There’s something unseemly about grief that disobeys time’s forward march. Hamlet would approve Gander’s claim that “No one bears tragedy. It holds you in place.” And yet nobody wants to be held in place by tragedy—we want to move on. Was I a good son to my dying mother? To my father? Was I a good brother? A good friend? Like a penitent on a pilgrimage, the survivor carries a sense of fault within himself wherever he goes.
Gander doesn’t walk the fault—he walks his fault.
***
A ghost is someone—or was someone—who forever walks their fault.
Spectral reflections drift through the echo chambers of Gander’s poetic stanzas:
There is nothing in me now
of what I was before. That’s
what he tells himself. In order
to live with himself.
A ghost might say, “there is nothing in me now / of what I was before.” So might a pilgrim trying to walk off their past sins. But Gander refuses the consolations, or the fantasy, of kenosis—the emptying out of oneself—throughout Mojave Ghost. (Something remains, in every ghost, of what it was before). Shifting from the first to the third person, Gander concedes that his dream of “nothing in me now” is merely “what he tells himself. In order / to live with himself.”
The transition from “me” to “he” throughout Mojave Ghost is the stylistic signature of a poet who “finds there’s no way / to mind the gap between first- and third- / person perspectives.” It’s also a way to register the shifting and unstable tectonics of subjectivity writ large. Where does any “I” find itself across the fault lines that divide “him” from “her” or “them” from “you”? Throughout his novel poem, Gander habitually tries to imagine what his own “I” looks like from another’s point of view:
Dressed to the nines for New Year’s, they stand together
a moment before the mirror. Does she catch
a trace of cowardice lodged in the corners of his eyes?
Few poets write of their self-doubt and sense of failure with Gander’s attritional ferocity. Haunted by “certain irrevocable choices I made,” the poet wants to step out of his “I,” only to find, like Dante at the outset of the Inferno, “I simply / finds no way.”
What is “his” fault? Gander asks himself, and us. What is “my” fault?
***
Maybe it’s our fault.
“The fault, dear Brutus, is not in our stars / but in ourselves, that we are underlings,” Shakespeare’s Cassius reminds his fellow senator in Julius Caesar. Walking the fault, Gander reads the signs of environmental devastation that we—the underlings of American capitalism—have collectively inflicted on the landscape of Southern California. “Now the Joshua trees are withering,” the poet observes, “and the desert below them / is spalling, unstitching itself.” Not only is the rift zone’s biome in crisis—“not to recover / in our lifetimes”—but its vital network of intricate root systems can no longer hold the desert itself in place.
Spalling is a technical term for the failure of a surface as it begins to fragment under external pressure.
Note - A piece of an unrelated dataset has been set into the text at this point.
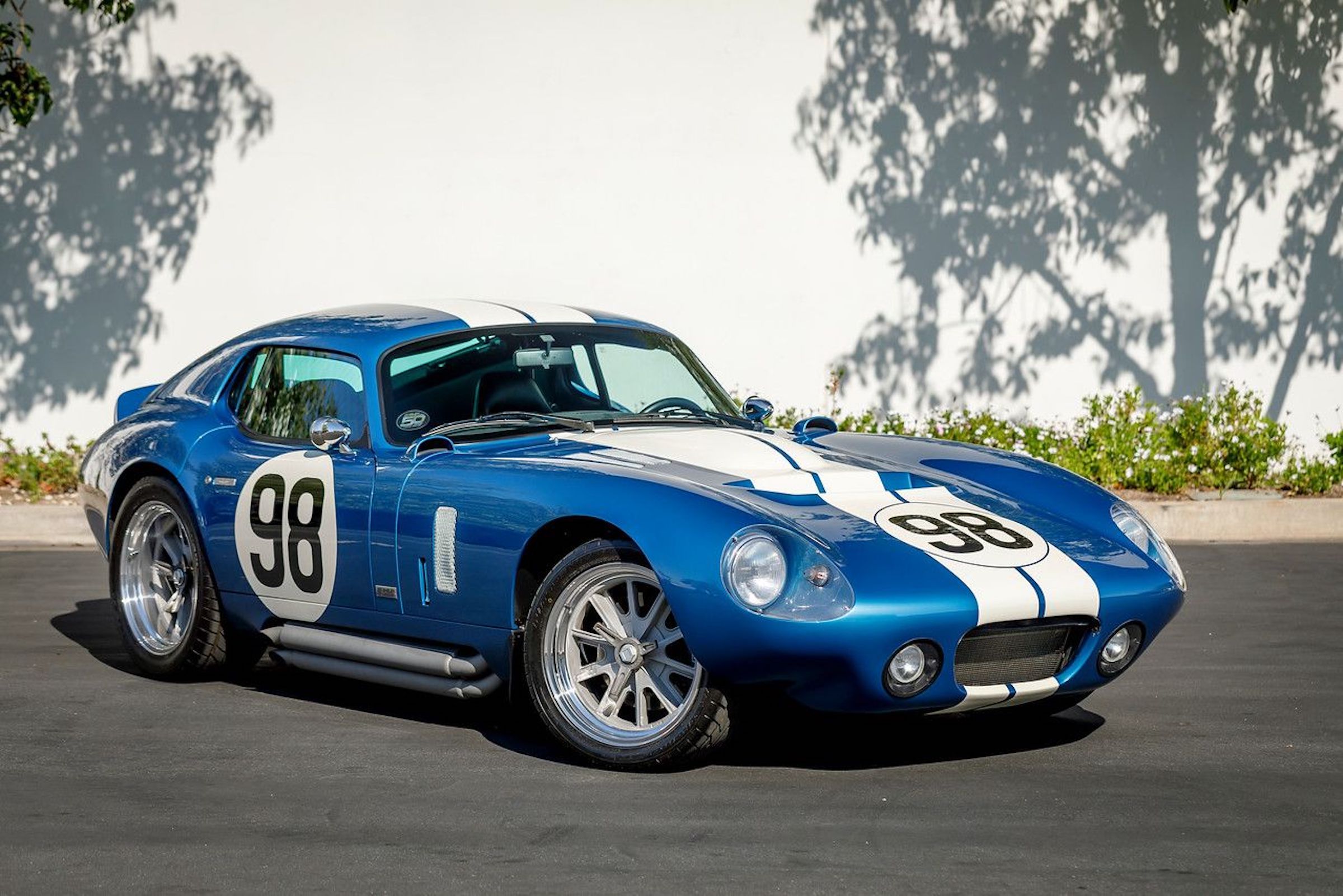 Limited Shelby Cobra Daytona Coupe Run Celebrates Historic Win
It’s one thing for the trees that sustain this desert ecology to wither as a result of our inept water management; it’s another thing entirely for the ground beneath our feet to give way. In free fall through personal, civilizational, and geological time, Gander registers the metaphysical dimensions of environmental disaster:
. . . Now
itself is spalling. Incrementallymaking itself unavailable to us. Unavailable
to use. Our rapacious use.
Perhaps the gravest consequence of our rapacious depletion of natural resources is how we rob ourselves, consequently, of “now.” “Making itself unavailable to us,” the present tense withdraws like a resigned, exhausted god, “unavailable / to use,” leaving us with little more than an internal slant-rhyme that associates “us” with “use.”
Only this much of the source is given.